* [THE PROBLEM]:
Set every record down again exactly. Do not carry over the pictures.

Saved entries
[Start of Attachment]

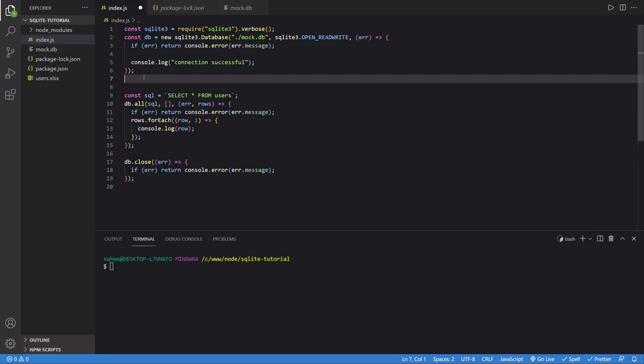Hi everyone, how's it going? So today I'm going to be showing you how to update and delete data inside of an SQLite database using Node.js.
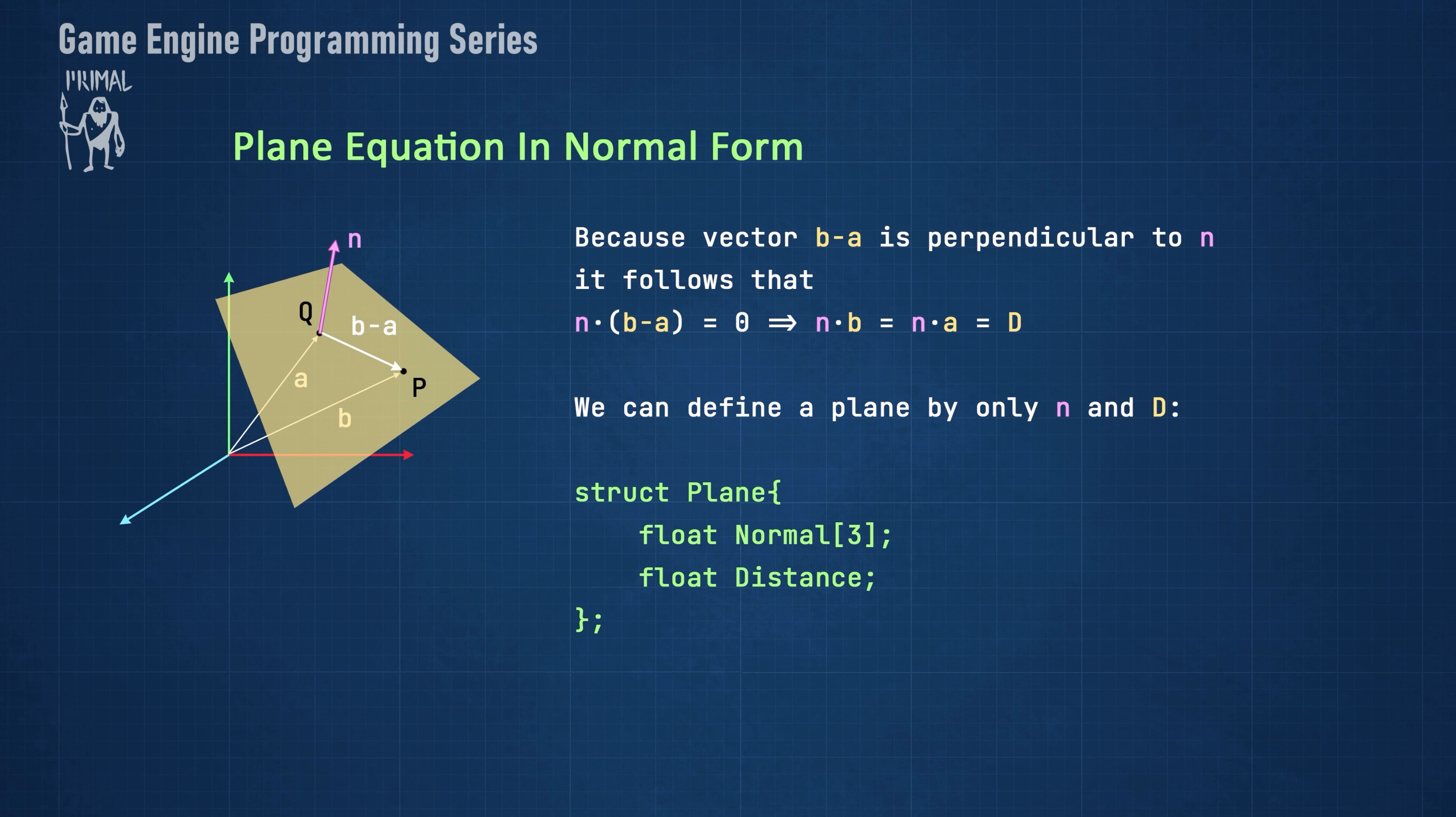Mathematically, it means that the dot product of the normal with this vector equals zero. If we select any of the two initial points, we can take the dot product of the vector from the origin to this point and the normal vector and call it d or distance.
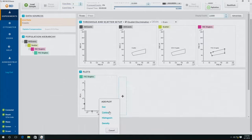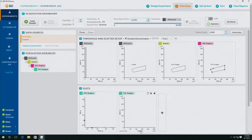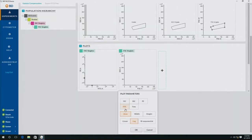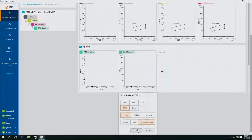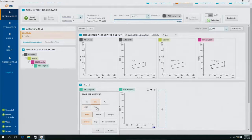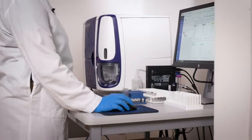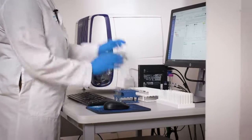I'm now ready to load my sample, so I'm going to select my sample, put it on, and then click load sample.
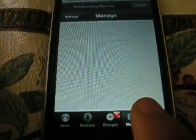Anyways, I'm going to go to Cydia, go to Manage.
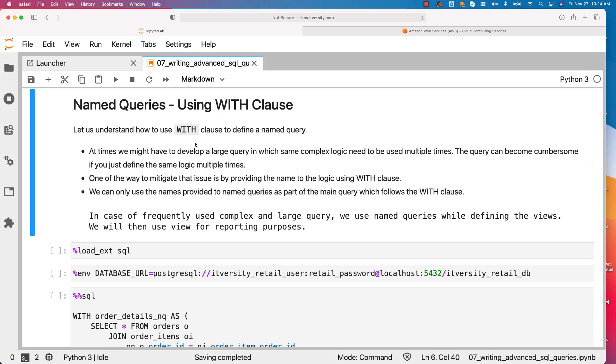Let us understand how to use WITH clause to define a named query. At times we might have to develop a large query in which same complex logic need to be used multiple times.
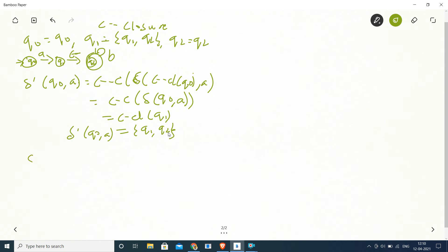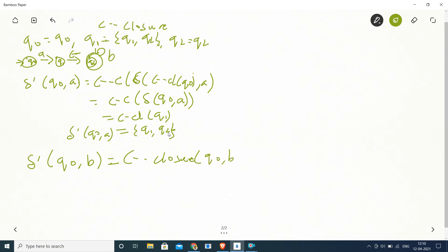Similarly, we find δ'(q0, b). Using the formula: ε-closure(δ(ε-closure(q0), b)) = ε-closure(δ(q0, b)). Since δ(q0, b) = null, the epsilon closure of null is also null. Therefore δ'(q0, b) = null (no transition).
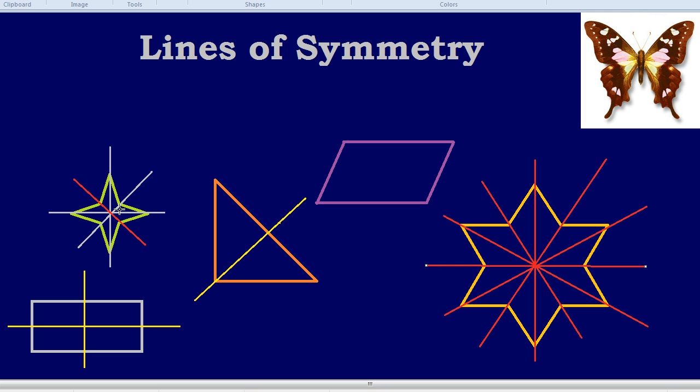Finally, we can cast our eye towards the beautiful butterfly and see how nature itself possesses a large amount of amazing symmetry. We'll see you in the next one.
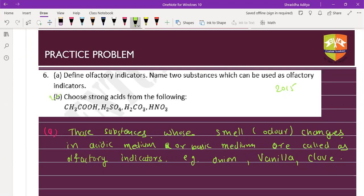Next question: choose a strong acid from the following - H2CO3 and H2SO4, HNO3. The answer is H2SO4 and HNO3, which are both strong acids.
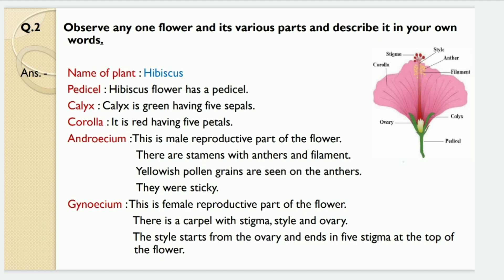You may take any other type of flower. Here the name of the plant is hibiscus. Its parts are pedicel, calyx, corolla, androecium and gynoecium. The hibiscus flower has a pedicel. The calyx is green having five sepals, and it has a corolla which is red in color and having five petals. Androecium is the male reproductive part of the flower. There are stamens with anthers and filament.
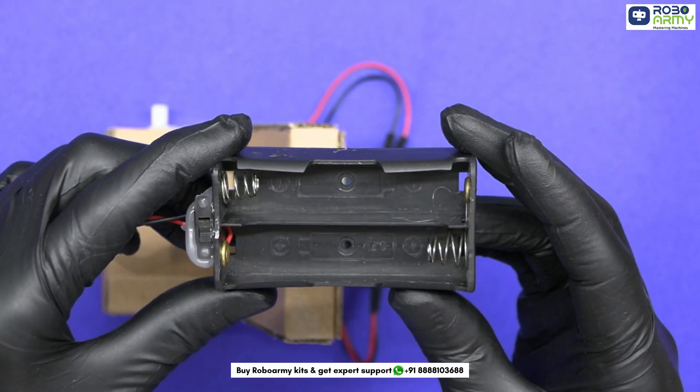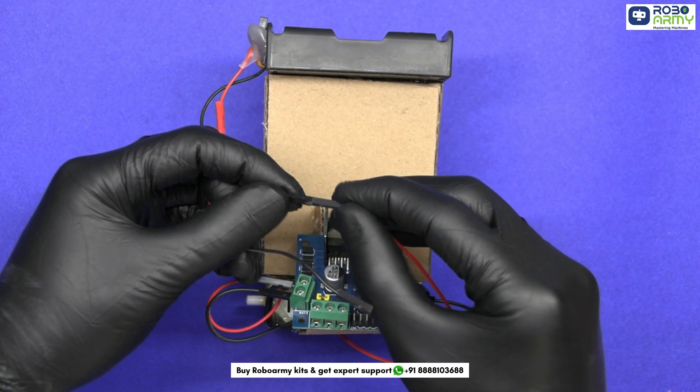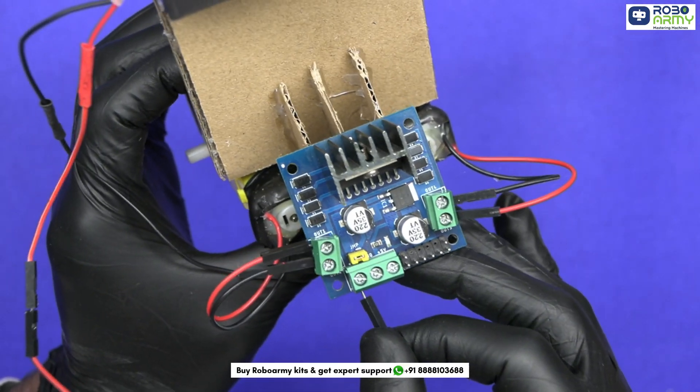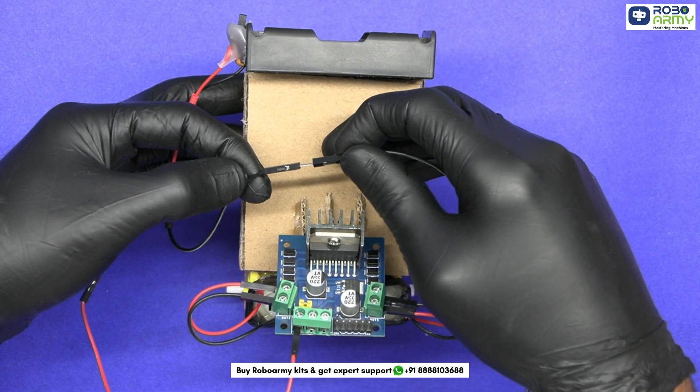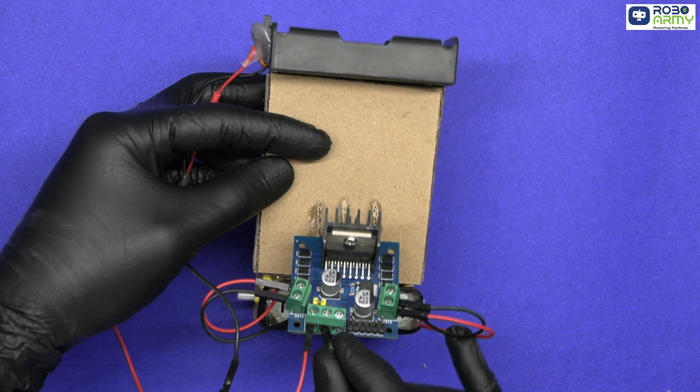Now place the battery holder here. Insert this red wire in the plus 12 volt slot. Similarly insert the black wire in the ground slot of the motor driver.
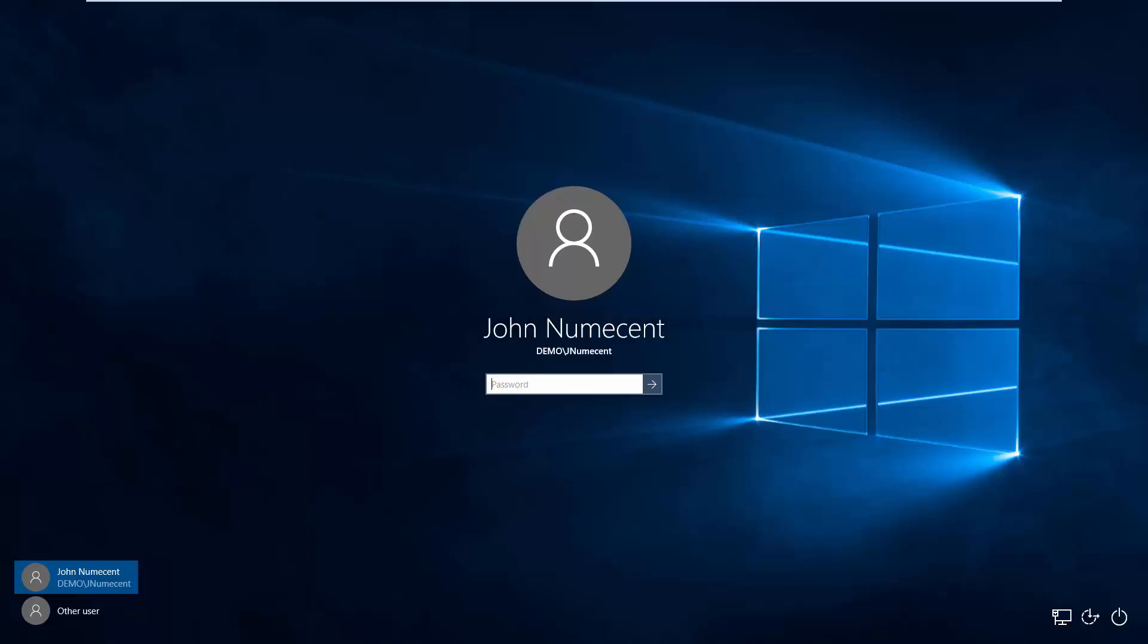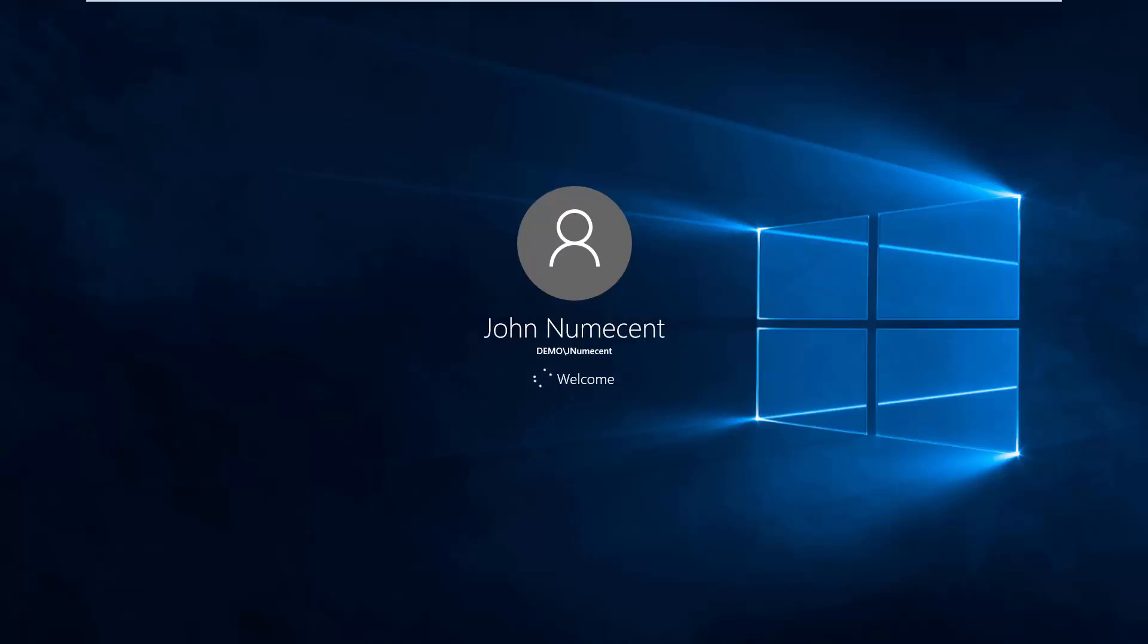Log in to a system on the domain as the principal that was set up in the Enterprise Portal. In this example, John Numesit will be used.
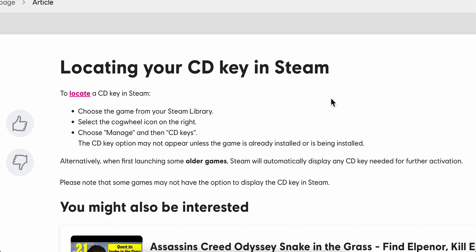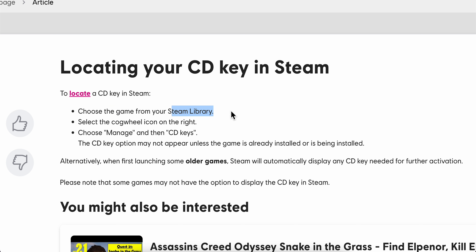How to find a Ubisoft Connect activation code on Steam. You're going to have to choose the game from your Steam library, then select the cogwheel icon on the right, choose Manage and then CD Keys.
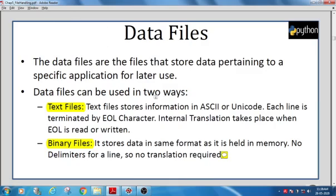The main difference is that text files need some translation, but binary files do not require any translation. Both are data files that store data permanently, pertaining to a specific application for later use. You can identify the file type by its extension — for example, .txt for text files, .doc for document files, .xls or .xlm for spreadsheet files.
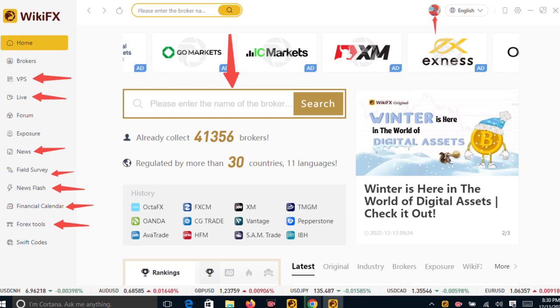You can do anything you want. There is VPS, Live, Forum, News Flash, Financial Calendar, Forex Tools, Swap, and other keys. All those are the new and latest features for the PC users to be using WikiFX free of charge without paying a single kobo.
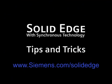Thanks for sharing that, Doug. To learn more, go to www.siemens.com/solidedge or call your local Solid Edge channel partner.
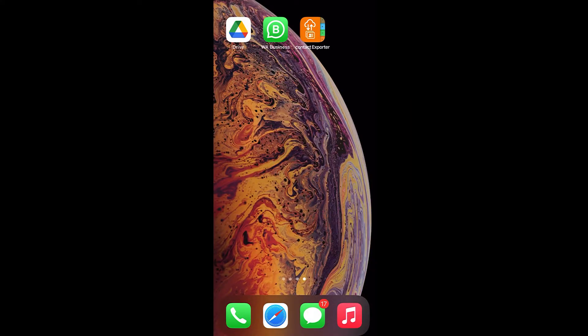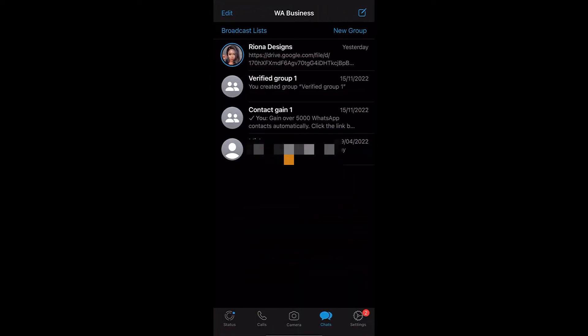Go to your WhatsApp and create two groups. The first group — for the purpose of this teaching, let's name it 'Contact Gain.' The second one is 'Verified Group.' Don't add anybody yet; you can add maybe your siblings in order to open the groups, because on WhatsApp you need to add one or two persons to create a group.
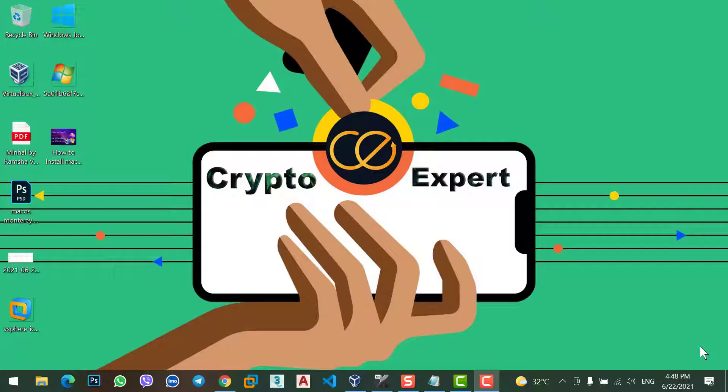Hello and welcome guys. In today's video, I'm going to guide you about Caramel Swap decentralized exchange. What happened to this exchange? Why the price just dropped? So, let's get started.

[End of Attachment]

* [RESULT FOR THIS EXERCISE]:
Hi everyone, how's it going? So today I'm going to be showing you how to update and delete data inside of an SQLite database using Node.js.
Mathematically, it means that the dot product of the normal with this vector equals zero. If we select any of the two initial points, we can take the dot product of the vector from the origin to this point and the normal vector and call it d or distance.
I'm now ready to load my sample, so I'm going to select my sample, put it on, and then click load sample.
Anyways, I'm going to go to Cydia, go to Manage.
Let us understand how to use WITH clause to define a named query. At times we might have to develop a large query in which same complex logic need to be used multiple times.
Similarly, we find δ'(q0, b). Using the formula: ε-closure(δ(ε-closure(q0), b)) = ε-closure(δ(q0, b)). Since δ(q0, b) = null, the epsilon closure of null is also null. Therefore δ'(q0, b) = null (no transition).
Finally, we can cast our eye towards the beautiful butterfly and see how nature itself possesses a large amount of amazing symmetry. We'll see you in the next one.
Next question: choose a strong acid from the following - H2CO3 and H2SO4, HNO3. The answer is H2SO4 and HNO3, which are both strong acids.
You may take any other type of flower. Here the name of the plant is hibiscus. Its parts are pedicel, calyx, corolla, androecium and gynoecium. The hibiscus flower has a pedicel. The calyx is green having five sepals, and it has a corolla which is red in color and having five petals. Androecium is the male reproductive part of the flower. There are stamens with anthers and filament.
Now place the battery holder here. Insert this red wire in the plus 12 volt slot. Similarly insert the black wire in the ground slot of the motor driver.
Log in to a system on the domain as the principal that was set up in the Enterprise Portal. In this example, John Numesit will be used.
How to find a Ubisoft Connect activation code on Steam. You're going to have to choose the game from your Steam library, then select the cogwheel icon on the right, choose Manage and then CD Keys.
The main difference is that text files need some translation, but binary files do not require any translation. Both are data files that store data permanently, pertaining to a specific application for later use. You can identify the file type by its extension — for example, .txt for text files, .doc for document files, .xls or .xlm for spreadsheet files.
You can do anything you want. There is VPS, Live, Forum, News Flash, Financial Calendar, Forex Tools, Swap, and other keys. All those are the new and latest features for the PC users to be using WikiFX free of charge without paying a single kobo.
Thanks for sharing that, Doug. To learn more, go to www.siemens.com/solidedge or call your local Solid Edge channel partner.
Go to your WhatsApp and create two groups. The first group — for the purpose of this teaching, let's name it 'Contact Gain.' The second one is 'Verified Group.' Don't add anybody yet; you can add maybe your siblings in order to open the groups, because on WhatsApp you need to add one or two persons to create a group.
Hello and welcome guys. In today's video, I'm going to guide you about Caramel Swap decentralized exchange. What happened to this exchange? Why the price just dropped? So, let's get started.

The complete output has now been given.